# [PROBLEM REQUIREMENTS]
From the entries below, reproduce exactly the lines from the one with "hall featuring light carpet and sink" through the one with "top view 111747606", both included, without images.

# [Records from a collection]
☆ ☆ ☆

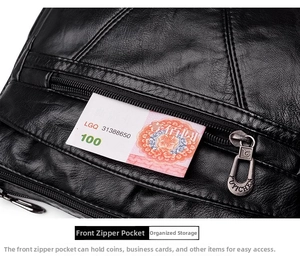 Détail macro du sac en cuir noir avec poche zippée avant pour ranger de petits objets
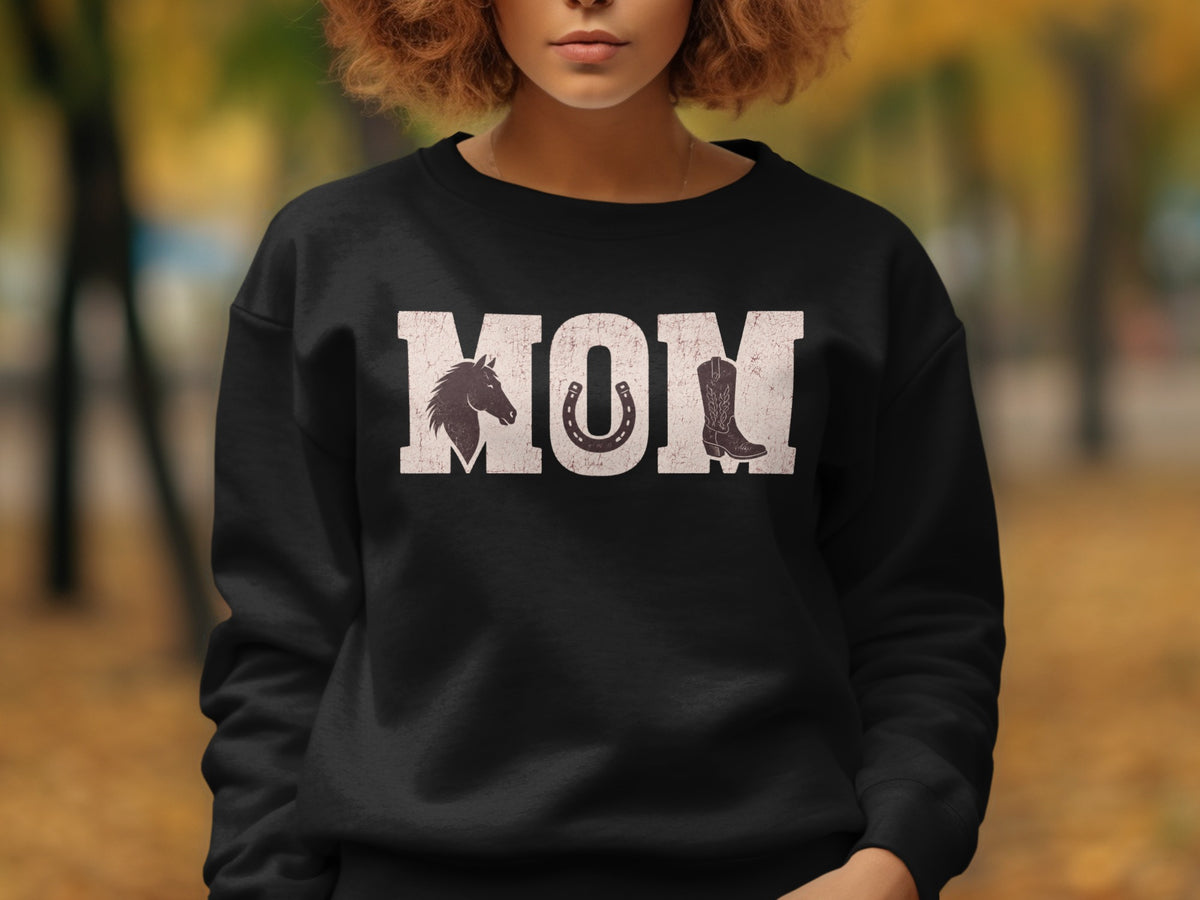 Black sweatshirt with "MOM" graphic featuring horse, horseshoe, and cowboy boot.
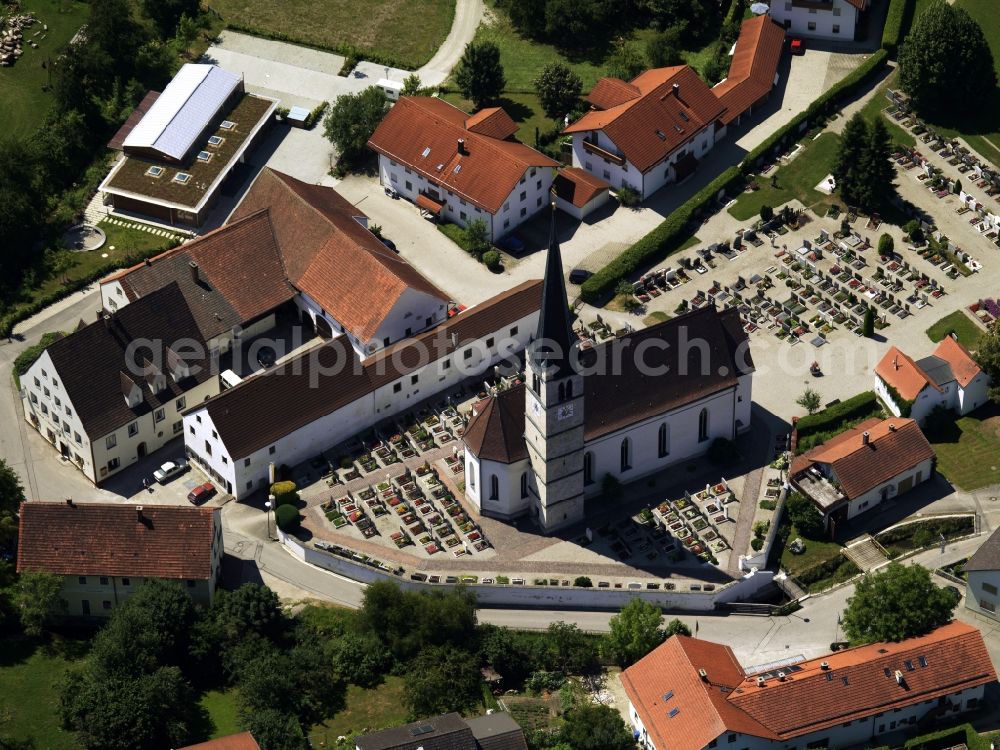 Aerial image Aschau - The parish church of the Assumption is located on the outskirts of town. The church is surrounded by various buildings. The immediately adjacent cemetery is bordered on one side with a church wall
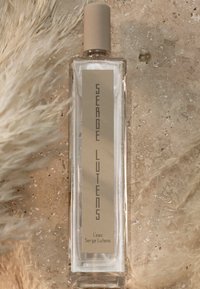 Flacone di profumo in vetro trasparente con etichetta beige caratterizzata da testo in rilievo. Coperchio arrotondato beige sulla sommità del flacone. Il testo reca la scritta "Serge Lutens."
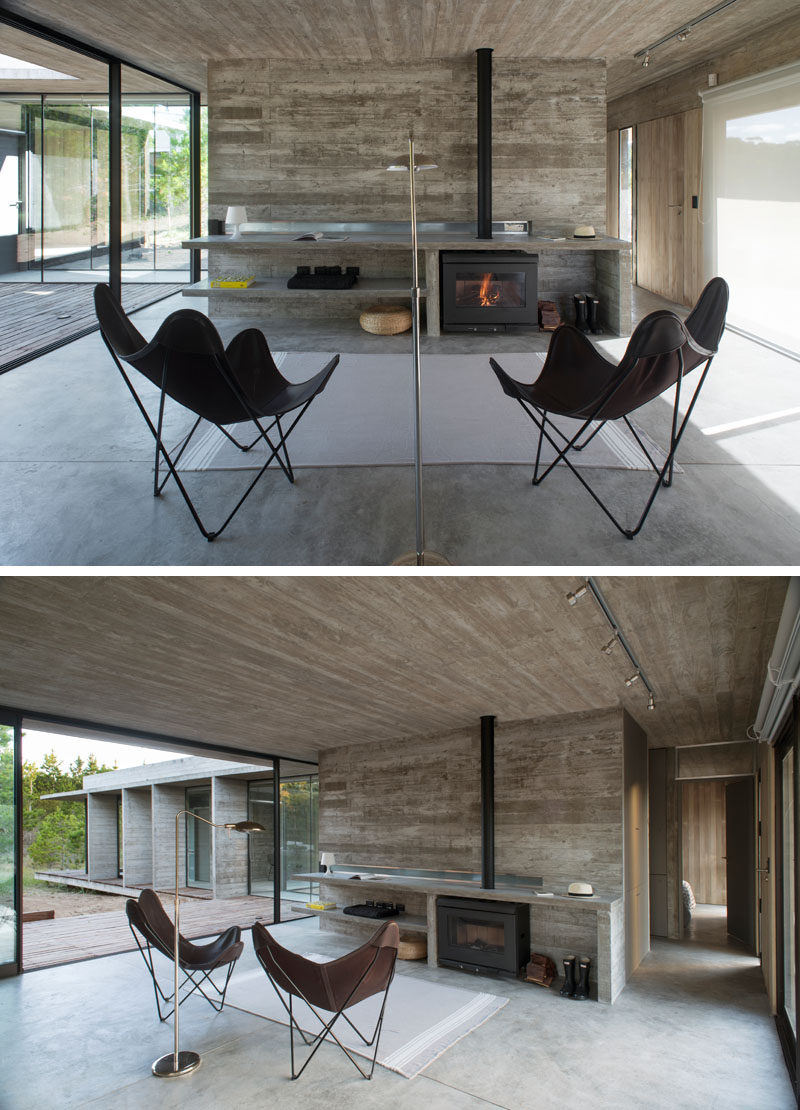 Inside this modern house, board formed concrete has been used for the walls, ceiling and shelving elements, while large floor-to-ceiling windows and sliding glass doors allow natural light to flood the interior of the home. #BoardFormedConcrete #Fireplace #LivingRoom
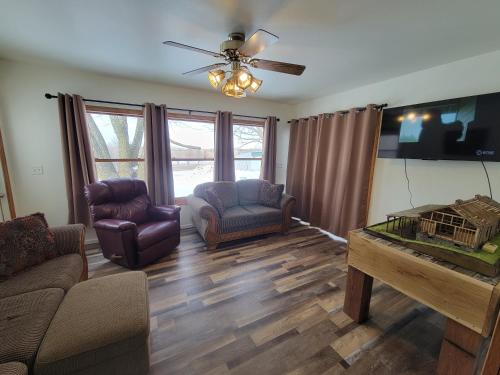 a living room with a couch and a table at Mallory Estate in Chariton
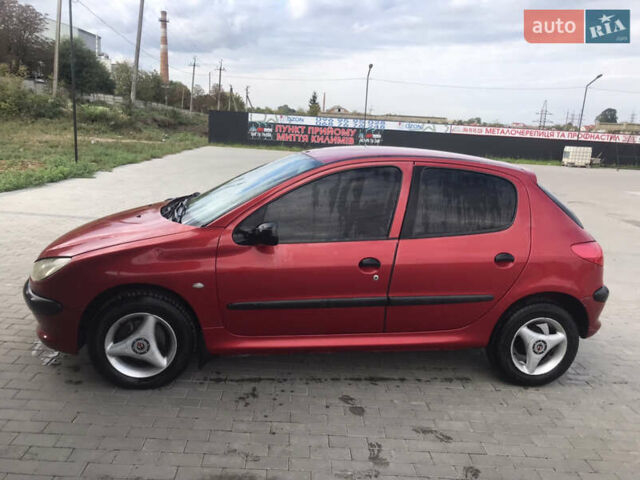Красный Пежо 206, объемом двигателя 1.4 л и пробегом 270 тыс. км за 3350 $, фото 5 на Automoto.ua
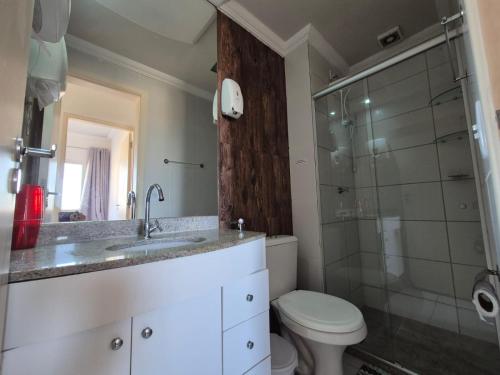 a bathroom with a sink and a toilet and a shower at 603 SEVILHA in Serra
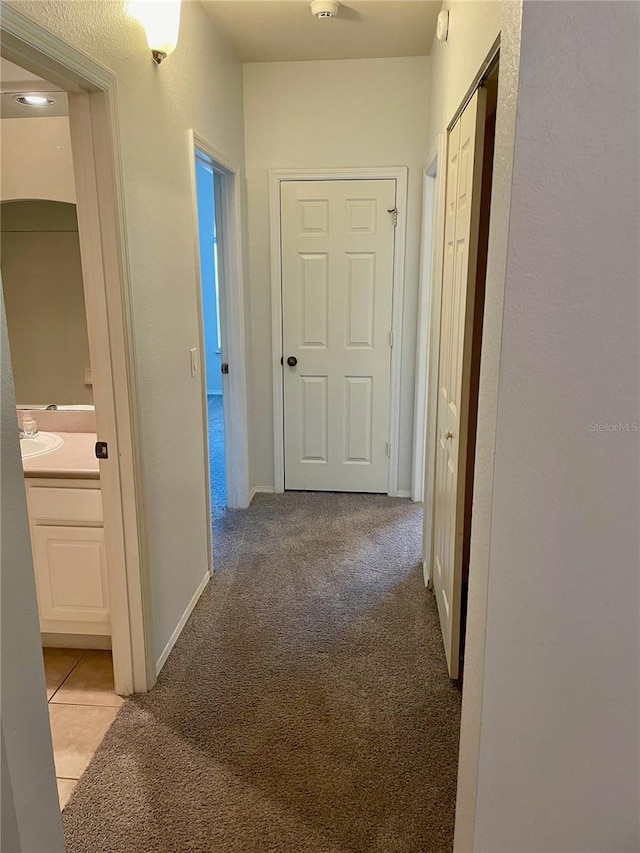 hall featuring light carpet and sink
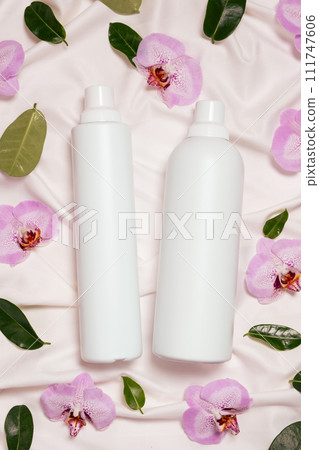 Liquid laundry detergent and fabric softener on bedding, orchid flowers, top view Liquid laundry detergent and fabric softener on bedding, orchid flowers, top view 111747606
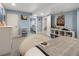 Cozy bedroom with gray carpet, a comfortable bed, and cheerful blue walls at 2249 Weatherstone Cir, Highlands Ranch, CO 80126
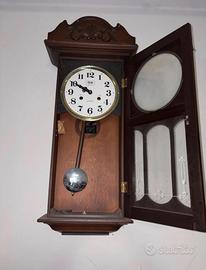 Orologio da parete vintage a pendolo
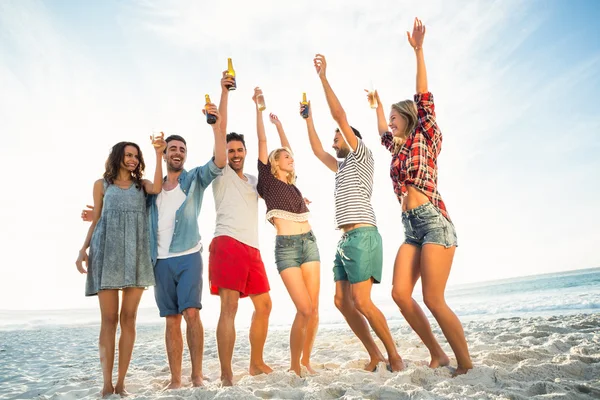 Freunde stoßen am Strand an — Stockfoto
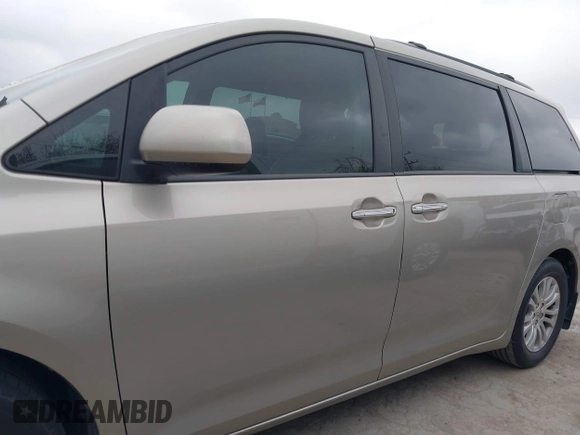 2015 Toyota Sienna XLE с VIN 5TDYK3DC4FS677254, выставлен на аукционе IAAI как лот 41708885 с пробегом 122 637 миль миль и . История ставок и продаж доступна на DreamBid. Изображение 14.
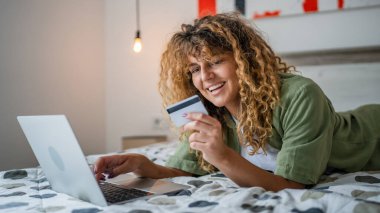 Evde yetişkin bir kadın online alışveriş için kredi kartı ya da banka kartı kullanıyor. İnternet mağazaları indirimli indirimli indirimli ürünler alıyor. Gerçek insanlar yer bilgisayarlarını kopyalıyor.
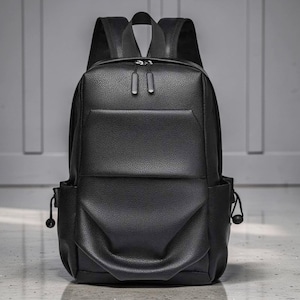Pode incluir: Uma mochila preta com acabamento texturizado e granulado. A bolsa possui um compartimento principal grande com dois puxadores de zíper, um bolso frontal horizontal e dois bolsos laterais com cordões ajustáveis e travas pretas.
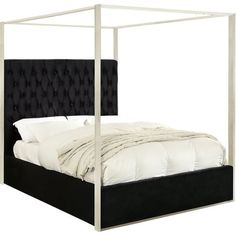 a bed with a black headboard and white sheets on it's sides,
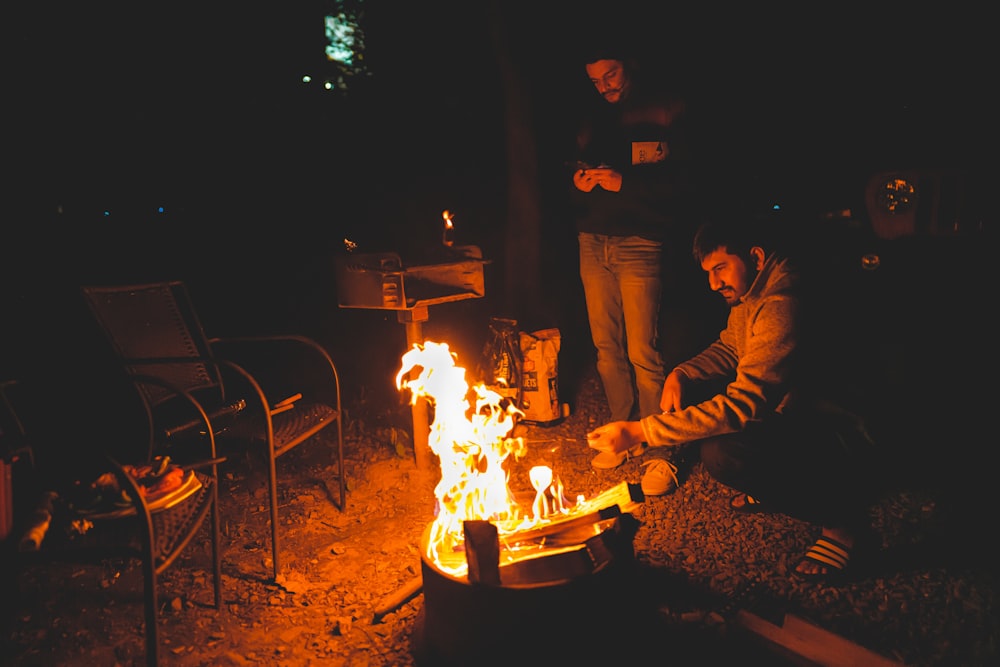 man in black jacket sitting beside fire pit during nighttime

☆ ☆ ☆

# [WRITTEN ANSWER]
 hall featuring light carpet and sink
 Liquid laundry detergent and fabric softener on bedding, orchid flowers, top view Liquid laundry detergent and fabric softener on bedding, orchid flowers, top view 111747606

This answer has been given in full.